Insurers and insureds consistently assert and challenge these protections in coverage disputes, and the two protections have received varying treatment from different courts. A few recent cases demonstrate the difficulty and complexity of applying the attorney-client privilege and the work-product doctrine to insurance cases.
Vicor v. Vigilant
In Vicor Corp. v. Vigilant Ins. Co., 674 F.3d 1 (1st Cir. 2012), the First Circuit Court of Appeals issued an important decision regarding the common-interest exception to the attorney-client privilege. The attorney-client privilege operates to protect confidential communications between an attorney and client regarding legal advice. This privilege becomes much more complicated in the context of the insurer-insured relationship.
In Vicor, an insurer retained defense counsel for its insured but after a coverage dispute arose, the insured attempted to shield its communications with its defense counsel from the insurer. The insurer did not dispute that the communications were privileged, but instead argued that the insurer and insured shared a common interest and therefore the privilege could not be asserted against the insurer. The common-interest doctrine states that where an attorney acts for two different parties who share a common interest, the parties’ communications with the attorney are privileged as to third parties but not one another.
Applying Massachusetts law, the court agreed with the insurer and held that an attorney retained by an insurer to represent the insured is an attorney for both the insurer and the insured, and therefore the privilege could not protect the communications.
The court further denied the insured’s argument that the fact that the insurer tendered the defense pursuant to a reservation of rights defeated any claim of common interest. Instead, the court found that the insurer paying for the defense and contributing to the initial settlement created a common interest such that the insured could not assert the privilege against the insurer.

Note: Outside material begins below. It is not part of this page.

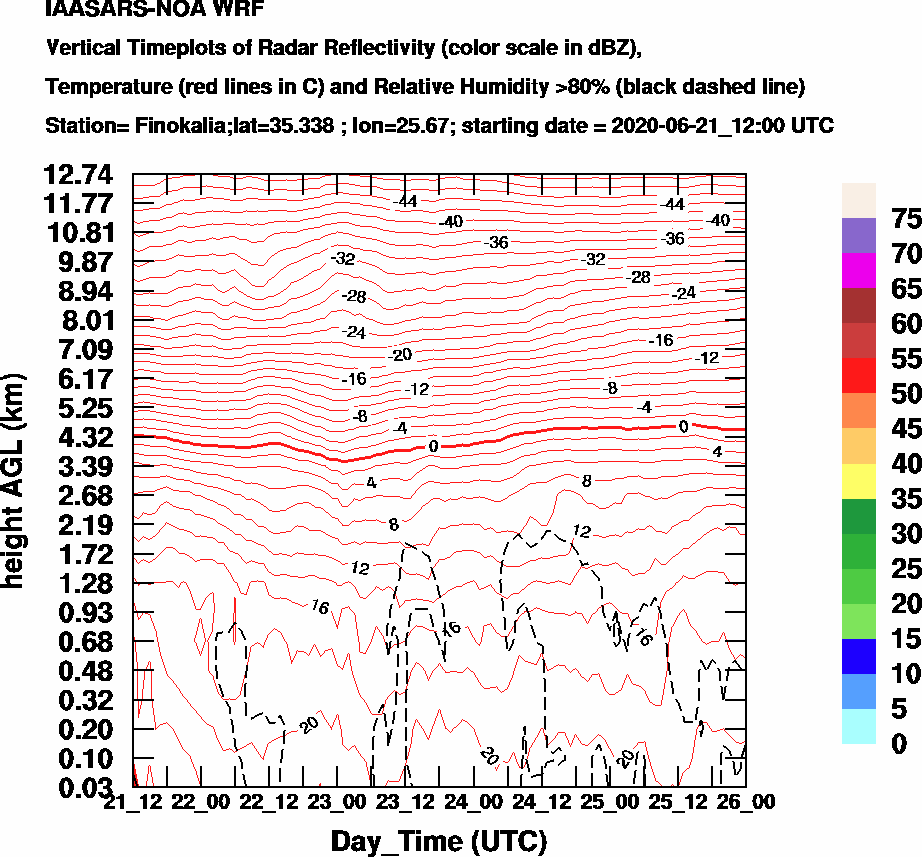 Vertical Timeplots of Radar Reflectivity - 2020-06-22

The case highlights the complexity of applying the attorney-client privilege within the context of an insurance claim, and is important as it expands the common-interest exception to cases where the parties not only have conflicting interests but are disputing coverage against one another.
Melworm v. Encompass
Another significant case came down in New York, where the court in Melworm v. Encompass Indem. Co., 951 N.Y.S.2d 829 (N.Y. Sup. Ct. 2012), continued a trend in the state of contracting the applicability of the attorney-client privilege in the context of insurance claims. Although the attorney-client privilege and the work-product doctrine are two distinct protections with different elements, New York courts have routinely analyzed the two jointly in insurance cases. Whereas the attorney-client privilege protects communications regarding legal advice between an attorney and client, the work-product doctrine protects materials “prepared in anticipation of litigation.”
In Melworm, an insurer asserted the attorney-client privilege to protect certain attorney communications relating to the claim process. But the court, relying on a string of previous cases, denied application of the privilege, holding that “the payment or rejection of claims is part of the regular business of an insurance company” and reports that aid the insurer in that process are “made in the regular course of business.”

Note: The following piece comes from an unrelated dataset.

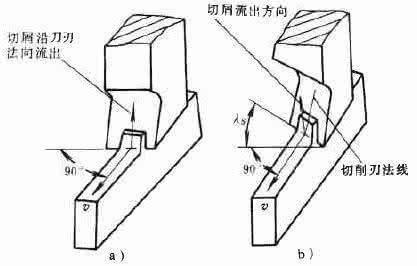 正交切削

While such language is typically used to counter the work-product doctrine by showing that the material was prepared in the ordinary course of business and not in anticipation of litigation, the court here used it to pierce the attorney-client privilege. Presumably, the court’s reliance on this analysis was to show that the attorney was acting not as an attorney but as an investigator and that the communication was not legal advice but rather ordinary business advice falling outside of the privilege.
The opinion lacks clarity and appears to ignore the distinction between the privilege and the work-product doctrine. By combining the analyses, New York law has resulted in a blanket rule that leaves little room for the attorney-client privilege or the attorney work-product doctrine to protect attorney communications in claims files.
Barton Malow v. Lloyd’s
In a case bearing similar facts, a federal district court in Michigan came to the opposite conclusion after employing a similar though slightly more stable analysis.
Though flirting briefly with the combined analysis used by the New York court in Melworm, the court in Barton Malow v. Certain Underwriters at Lloyd’s of London, 2012 U.S. Dist. LEXIS 143014 (E.D. Mich. 2012), approached the attorney-client privilege and work-product doctrine independently. The court determined that the attorney’s communication, although created and transmitted during the claim investigation, communicated legal advice as it showed “counsel’s legal opinion regarding the scope of potential liability” and therefore was protected by the attorney-client privilege. The court found no need to address the applicability of the work-product doctrine because the attorney-client privilege shielded the document.
Although the decision offered limited guidance, it at least recognized the difference between the attorney-client privilege and the work-product doctrine, and was a positive decision for insurers.
Whether a communication is protected by the attorney-client privilege is primarily a question of fact which must be decided on a case-by-case basis. While New York courts continue to assail the applicability of any privilege to an attorney’s work in the insurance claims process, other courts continue to struggle to articulate and apply a clear and consistent standard.
Courts continue to address the complicated and difficult task of balancing the unique relationships that exist between insurers, policyholders and counsel, and the privileges and protections of the legal process. Insurers, insureds and their attorneys must take care to understand the laws of their state and to protect their communications.